What three recent cases say about our labyrinthine legal system

Bibek Debroy writes: Archaic laws, incomprehensible language and cases that go on for too long are obstacles on the path to justice

This column is about three cases from January 2022.

The Supreme Court (SC) decided a case in January 2022 and the judgment made it to the headlines. If a Hindu man dies intestate (without a will), the daughter can inherit her father’s self-acquired property. Gurunatha Gounder (I) had two sons, Marappa Gounder and Ramaswamy Gounder. Ramaswamy Gounder died before his elder brother, Marappa, who also died a long time ago, in 1949. A minor point was raised about whether Marappa Gounder died in 1949, or in 1957.

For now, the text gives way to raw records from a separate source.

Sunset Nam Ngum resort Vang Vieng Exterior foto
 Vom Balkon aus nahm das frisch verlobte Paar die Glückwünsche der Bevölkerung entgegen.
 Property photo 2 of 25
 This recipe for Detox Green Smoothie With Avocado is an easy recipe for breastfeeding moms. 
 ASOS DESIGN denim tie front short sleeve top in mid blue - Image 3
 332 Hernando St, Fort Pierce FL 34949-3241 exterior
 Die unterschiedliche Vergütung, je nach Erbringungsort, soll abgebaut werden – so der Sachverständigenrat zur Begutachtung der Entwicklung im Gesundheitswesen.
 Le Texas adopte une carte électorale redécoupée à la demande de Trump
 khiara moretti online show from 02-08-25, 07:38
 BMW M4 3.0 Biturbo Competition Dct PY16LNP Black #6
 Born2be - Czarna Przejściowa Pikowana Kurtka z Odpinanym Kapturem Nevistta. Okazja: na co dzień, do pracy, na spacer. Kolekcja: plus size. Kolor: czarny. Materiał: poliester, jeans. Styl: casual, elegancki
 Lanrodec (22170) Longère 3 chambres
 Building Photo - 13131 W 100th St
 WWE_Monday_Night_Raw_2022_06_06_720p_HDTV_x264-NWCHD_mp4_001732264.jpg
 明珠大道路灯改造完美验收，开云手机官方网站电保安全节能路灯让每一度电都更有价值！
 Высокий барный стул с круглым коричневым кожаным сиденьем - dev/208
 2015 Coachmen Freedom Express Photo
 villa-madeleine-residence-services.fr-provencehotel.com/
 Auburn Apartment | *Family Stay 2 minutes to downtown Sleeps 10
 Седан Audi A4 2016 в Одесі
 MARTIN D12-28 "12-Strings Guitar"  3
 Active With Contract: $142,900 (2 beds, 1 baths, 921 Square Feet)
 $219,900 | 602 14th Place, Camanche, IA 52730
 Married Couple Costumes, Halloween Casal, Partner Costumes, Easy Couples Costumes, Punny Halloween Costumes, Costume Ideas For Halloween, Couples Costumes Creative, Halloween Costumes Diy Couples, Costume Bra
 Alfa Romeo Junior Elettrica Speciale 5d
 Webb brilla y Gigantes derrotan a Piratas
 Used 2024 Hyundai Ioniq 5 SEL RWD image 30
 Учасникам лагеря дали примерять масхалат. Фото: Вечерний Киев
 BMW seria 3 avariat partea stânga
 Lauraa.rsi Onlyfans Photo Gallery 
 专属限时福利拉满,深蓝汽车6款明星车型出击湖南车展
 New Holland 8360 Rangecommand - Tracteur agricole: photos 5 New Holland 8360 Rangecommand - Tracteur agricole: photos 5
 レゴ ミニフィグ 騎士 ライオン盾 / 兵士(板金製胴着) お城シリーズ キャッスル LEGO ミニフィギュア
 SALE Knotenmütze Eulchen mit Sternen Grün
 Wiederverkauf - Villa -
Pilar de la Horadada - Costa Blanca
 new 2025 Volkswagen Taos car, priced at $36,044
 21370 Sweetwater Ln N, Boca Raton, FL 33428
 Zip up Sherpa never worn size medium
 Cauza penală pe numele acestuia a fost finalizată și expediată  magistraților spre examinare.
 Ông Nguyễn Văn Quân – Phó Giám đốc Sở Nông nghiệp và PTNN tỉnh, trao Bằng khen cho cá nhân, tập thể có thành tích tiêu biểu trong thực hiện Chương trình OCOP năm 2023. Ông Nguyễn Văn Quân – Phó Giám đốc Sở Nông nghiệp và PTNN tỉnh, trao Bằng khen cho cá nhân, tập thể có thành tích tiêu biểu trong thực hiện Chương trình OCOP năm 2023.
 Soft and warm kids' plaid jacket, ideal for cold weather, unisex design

Why is that timeline important? Because the Hindu Succession Act was passed in 1956 and it governs intestate succession among Hindus. This bit, about the year of Marappa’s death, was examined by a trial court (judgment of 1994) and the Madras High Court (judgment of 2009) and both courts decided Marappa died in 1949, not 1957. The SC saw no reason to question that established fact. Nor was another fact questioned: In 1938, Marappa bought the property through his own resources. It wasn’t joint family property. He could have dealt with it as he chose, had he left a will. Unfortunately, he died intestate. Marappa Gounder had only one daughter, Kupayee Ammal, and no sons. She died in 1967 and left no children. Ramaswamy Gounder had one son and four daughters. The son was Gurunatha Gounder (II). The daughters were Thangammal (dead now), Ramayeeammal (dead now), Elayammal and Nallammal. Thangammal, dead now, was the original plaintiff, who applied for partition.